I testi del disco (che dura circa quarantacinque minuti, suddivisi in dieci brani) appartengono alla tradizione del country blues ed espongono diverse avversità inerenti la vita di coppia e il denaro. In questo 33 giri le parti cantate, in maniera abbastanza insolita, occupano meno spazio rispetto a quelle strumentali, lasciando che l’ascoltatore possa riflettere, trasportato dalle note dei protratti commenti musicali (talvolta un po' troppo prolungati, ma sempre ben gestiti).

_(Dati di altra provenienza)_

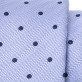 Wąski błękitny krawat w granatowe kropki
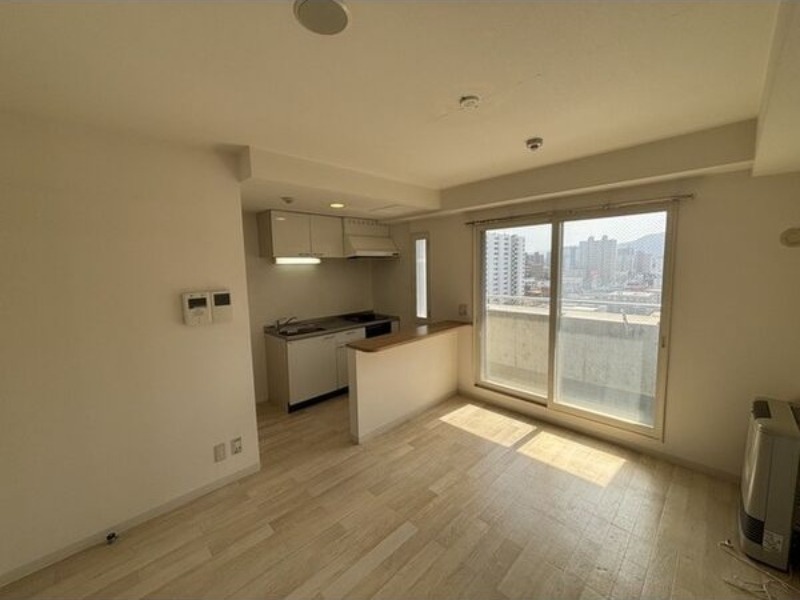 居室・リビング　退去予定につき同タイプ別号室の画像です。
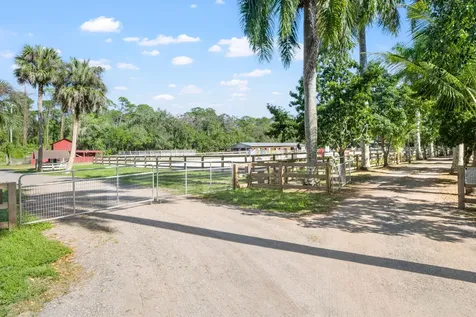 1068 D Road Loxahatchee Groves FL 33470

Gli assoli, distribuiti per tutto l’Lp, si basano su note singole, che rimangono sospese per un attimo nella loro intensità, tornando subito dopo a dipanarsi lungo le suggestive e sinuose strade tracciate dal fingerpicking di Blackwell.
“Mr Scrapper’s Blues” è la testimonianza migliore di questo bluesman nella sua versione solista, la cui carriera sarà bruscamente interrotta da un colpo di pistola ricevuto durante una rapina nel 1962 (l’anno stesso di pubblicazione dell’Lp). Spentosi il rimbombo della detonazione che lo ha strappato a ulteriori registrazioni, rimane nell’aria l’eco emozionante del lavoro che abbiamo presentato. Un disco che sembra raccontare all’ascoltatore, con mesta sincerità, quanto questo artista avrebbe dovuto essere maggiormente apprezzato mentre era ancora in vita: abbiamo oggi la possibilità di rimediare con questo ascolto.